### Problem statement
Write out the stretch of lines below that begins at the line with "Nordic Leather Steel" and ends at the line with "Dessert Theme Glass", including both, exactly as given and nothing more.

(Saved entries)
Segment Open
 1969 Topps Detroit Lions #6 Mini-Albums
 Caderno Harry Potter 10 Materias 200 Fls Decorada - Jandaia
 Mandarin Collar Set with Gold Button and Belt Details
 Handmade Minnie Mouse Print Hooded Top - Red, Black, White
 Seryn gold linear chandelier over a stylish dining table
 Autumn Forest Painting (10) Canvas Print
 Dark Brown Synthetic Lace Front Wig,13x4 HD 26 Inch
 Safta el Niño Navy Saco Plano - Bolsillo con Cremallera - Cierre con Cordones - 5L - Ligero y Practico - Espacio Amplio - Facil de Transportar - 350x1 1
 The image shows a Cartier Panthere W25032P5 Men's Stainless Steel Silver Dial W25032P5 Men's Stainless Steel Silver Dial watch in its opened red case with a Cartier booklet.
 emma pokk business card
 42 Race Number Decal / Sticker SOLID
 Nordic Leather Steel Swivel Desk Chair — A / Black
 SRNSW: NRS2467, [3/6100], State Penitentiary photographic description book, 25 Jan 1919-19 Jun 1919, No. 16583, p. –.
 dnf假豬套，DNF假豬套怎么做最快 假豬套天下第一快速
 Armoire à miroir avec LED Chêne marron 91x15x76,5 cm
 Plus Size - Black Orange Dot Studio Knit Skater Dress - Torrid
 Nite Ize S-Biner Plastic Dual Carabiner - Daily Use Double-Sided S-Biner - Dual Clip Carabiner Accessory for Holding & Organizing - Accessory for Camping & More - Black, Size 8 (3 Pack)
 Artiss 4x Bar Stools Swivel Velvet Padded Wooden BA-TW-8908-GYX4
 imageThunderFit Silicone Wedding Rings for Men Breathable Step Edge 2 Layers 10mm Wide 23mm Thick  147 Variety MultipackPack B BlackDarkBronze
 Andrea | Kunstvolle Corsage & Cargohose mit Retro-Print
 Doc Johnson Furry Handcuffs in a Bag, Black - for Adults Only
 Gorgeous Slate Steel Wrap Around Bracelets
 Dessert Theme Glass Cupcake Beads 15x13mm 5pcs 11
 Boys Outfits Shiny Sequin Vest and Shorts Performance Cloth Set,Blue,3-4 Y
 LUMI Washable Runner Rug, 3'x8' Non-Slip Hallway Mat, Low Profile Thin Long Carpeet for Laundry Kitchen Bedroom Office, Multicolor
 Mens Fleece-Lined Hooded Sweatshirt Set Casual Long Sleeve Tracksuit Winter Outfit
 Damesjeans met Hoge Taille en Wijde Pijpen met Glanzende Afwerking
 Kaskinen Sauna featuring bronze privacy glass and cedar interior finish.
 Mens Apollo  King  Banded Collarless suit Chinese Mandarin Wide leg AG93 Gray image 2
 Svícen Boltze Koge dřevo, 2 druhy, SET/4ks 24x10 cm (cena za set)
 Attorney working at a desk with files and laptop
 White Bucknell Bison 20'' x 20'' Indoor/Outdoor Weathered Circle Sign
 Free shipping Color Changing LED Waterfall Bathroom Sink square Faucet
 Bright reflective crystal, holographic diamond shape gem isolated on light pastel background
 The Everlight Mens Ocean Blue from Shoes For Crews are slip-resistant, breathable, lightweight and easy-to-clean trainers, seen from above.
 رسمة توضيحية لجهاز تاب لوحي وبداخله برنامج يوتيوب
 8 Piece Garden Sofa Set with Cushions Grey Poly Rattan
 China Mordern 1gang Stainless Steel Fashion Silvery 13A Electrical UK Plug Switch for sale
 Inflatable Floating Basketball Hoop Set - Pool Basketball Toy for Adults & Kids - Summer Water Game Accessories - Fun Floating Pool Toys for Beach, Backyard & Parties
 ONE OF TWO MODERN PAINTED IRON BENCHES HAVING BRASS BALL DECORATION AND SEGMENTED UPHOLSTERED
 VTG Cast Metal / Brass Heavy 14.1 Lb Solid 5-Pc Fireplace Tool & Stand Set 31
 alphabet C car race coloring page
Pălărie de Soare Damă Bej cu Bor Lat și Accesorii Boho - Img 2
Segment Closed
### Solution to this exercise
 Nordic Leather Steel Swivel Desk Chair — A / Black
 SRNSW: NRS2467, [3/6100], State Penitentiary photographic description book, 25 Jan 1919-19 Jun 1919, No. 16583, p. –.
 dnf假豬套，DNF假豬套怎么做最快 假豬套天下第一快速
 Armoire à miroir avec LED Chêne marron 91x15x76,5 cm
 Plus Size - Black Orange Dot Studio Knit Skater Dress - Torrid
 Nite Ize S-Biner Plastic Dual Carabiner - Daily Use Double-Sided S-Biner - Dual Clip Carabiner Accessory for Holding & Organizing - Accessory for Camping & More - Black, Size 8 (3 Pack)
 Artiss 4x Bar Stools Swivel Velvet Padded Wooden BA-TW-8908-GYX4
 imageThunderFit Silicone Wedding Rings for Men Breathable Step Edge 2 Layers 10mm Wide 23mm Thick  147 Variety MultipackPack B BlackDarkBronze
 Andrea | Kunstvolle Corsage & Cargohose mit Retro-Print
 Doc Johnson Furry Handcuffs in a Bag, Black - for Adults Only
 Gorgeous Slate Steel Wrap Around Bracelets
 Dessert Theme Glass Cupcake Beads 15x13mm 5pcs 11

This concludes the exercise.